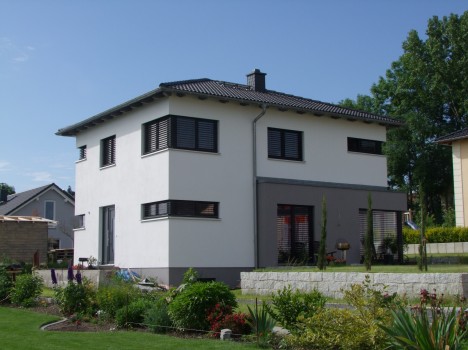 Ein modernes zweistöckiges weißes Haus mit grauem Dach und dunklen Fensterläden steht stolz da und zeigt den Charme des Massivhausbaus Dresden. Umgeben von einem gepflegten Garten mit üppigen grünen Pflanzen sonnt es sich unter einem klaren blauen Himmel, während im Hintergrund die Nachbarhäuser sichtbar sind.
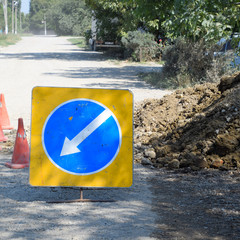 Sign of detour travel. Pit on the road. repair work.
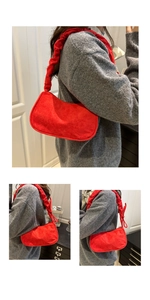 Détail du sac demi-lune en daim rouge avec bandoulière froncée style scrunchie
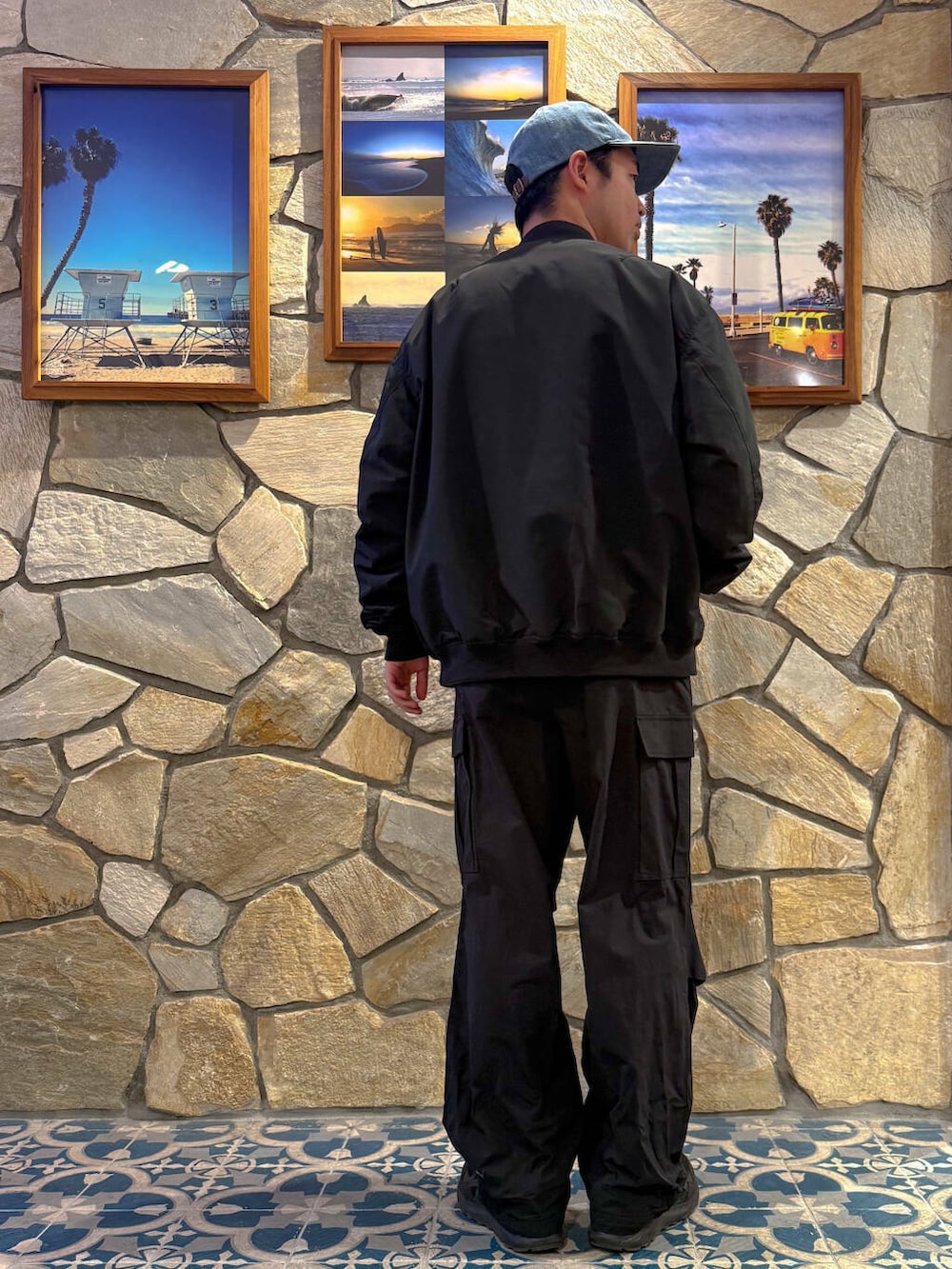 グレー系のTシャツ/カットソー、ブラック系のMA-1、ブルー系のキャップを着用したメンズの春コーディネートの2枚目の写真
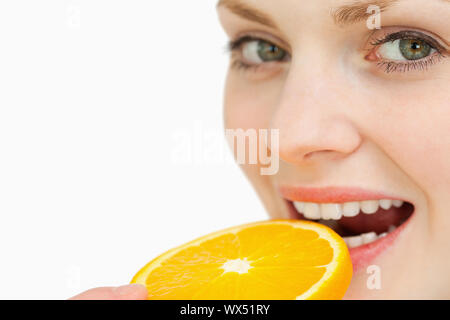 Nahaufnahme einer Frau eine Orangenscheibe im Mund vor weißem Hintergrund platzieren Stockfoto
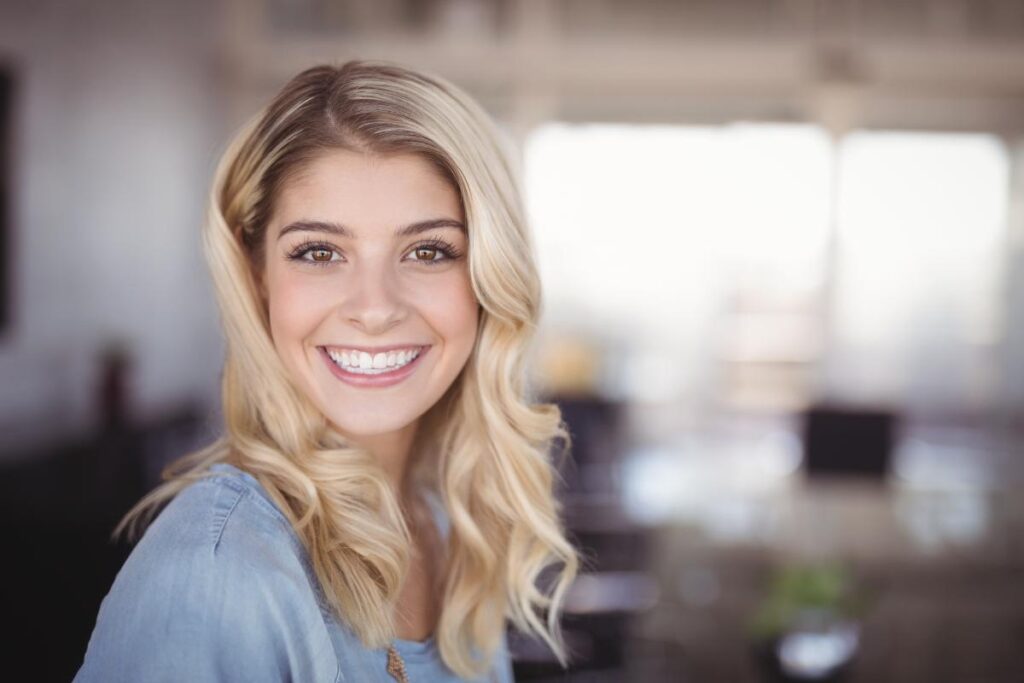 smiling woman relieved she found help after searching for a rehab for women near adams pa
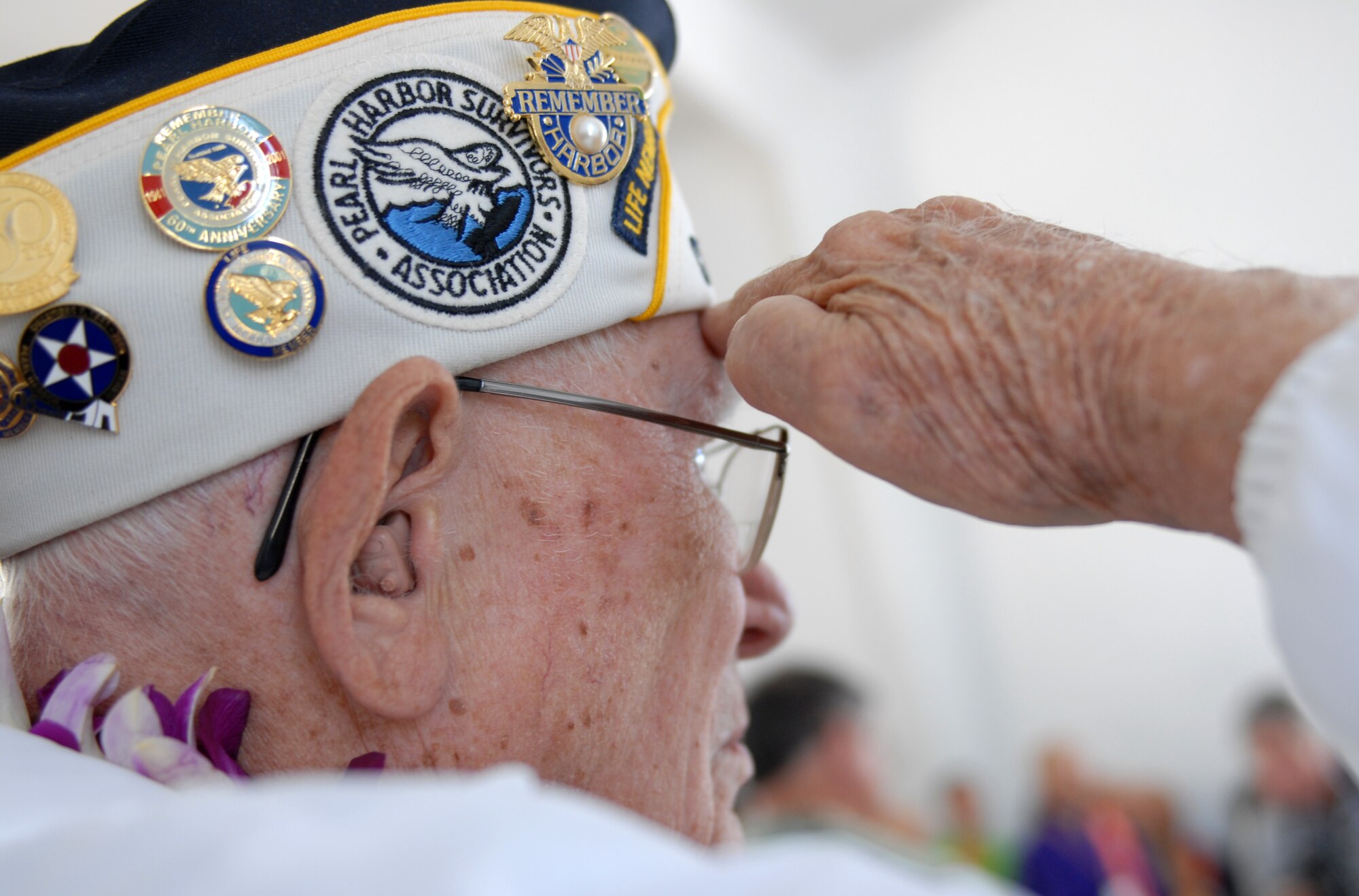 A survivor of the Japanese attacks on Pearl Harbor Dec. 7, 1941, pays his respects on board the USS Arizona Memorial Dec. 7, 2010. (U.S. Air Force photo by Staff Sgt. Carolyn Viss)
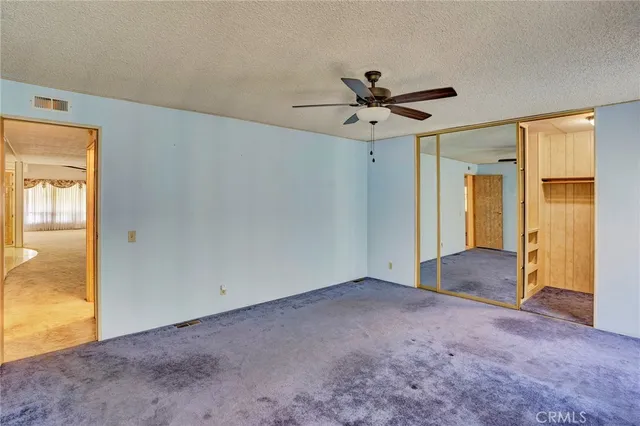 a bathroom with a double vanity sink mirror and shower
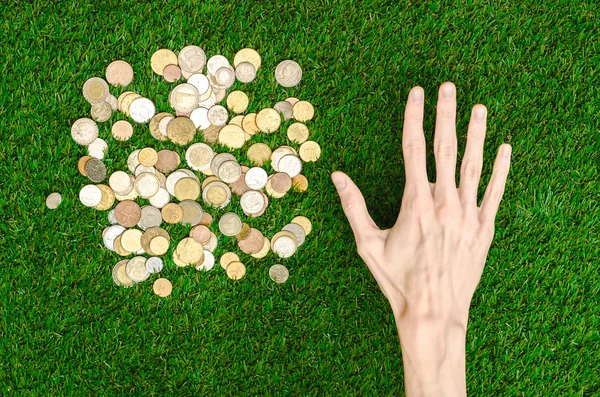 Money and Finance Topic: Money coins and human hand showing gesture on a background of green grass top view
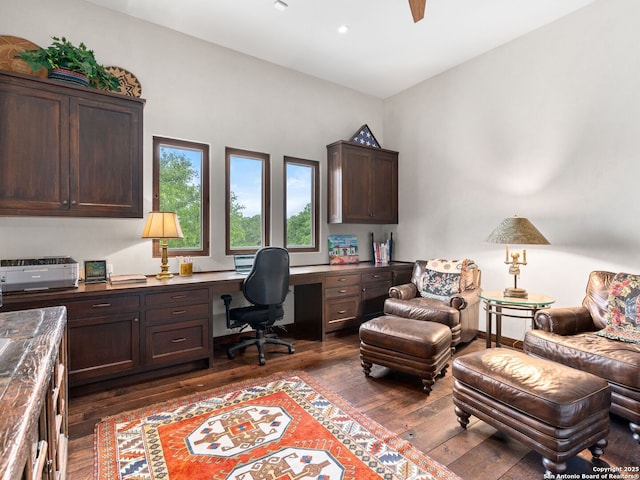 2835 Palomino Spgs, Bandera, TX 78003 - home office with dark wood-style flooring, built in study area, recessed lighting, and ceiling fan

=======

What to work on → Hand back the records above exactly, leaving out every picture.

Your solution →
 Ein modernes zweistöckiges weißes Haus mit grauem Dach und dunklen Fensterläden steht stolz da und zeigt den Charme des Massivhausbaus Dresden. Umgeben von einem gepflegten Garten mit üppigen grünen Pflanzen sonnt es sich unter einem klaren blauen Himmel, während im Hintergrund die Nachbarhäuser sichtbar sind.
 Sign of detour travel. Pit on the road. repair work.
 Détail du sac demi-lune en daim rouge avec bandoulière froncée style scrunchie
 グレー系のTシャツ/カットソー、ブラック系のMA-1、ブルー系のキャップを着用したメンズの春コーディネートの2枚目の写真
 Nahaufnahme einer Frau eine Orangenscheibe im Mund vor weißem Hintergrund platzieren Stockfoto
 smiling woman relieved she found help after searching for a rehab for women near adams pa
 A survivor of the Japanese attacks on Pearl Harbor Dec. 7, 1941, pays his respects on board the USS Arizona Memorial Dec. 7, 2010. (U.S. Air Force photo by Staff Sgt. Carolyn Viss)
 a bathroom with a double vanity sink mirror and shower
 Money and Finance Topic: Money coins and human hand showing gesture on a background of green grass top view
 2835 Palomino Spgs, Bandera, TX 78003 - home office with dark wood-style flooring, built in study area, recessed lighting, and ceiling fan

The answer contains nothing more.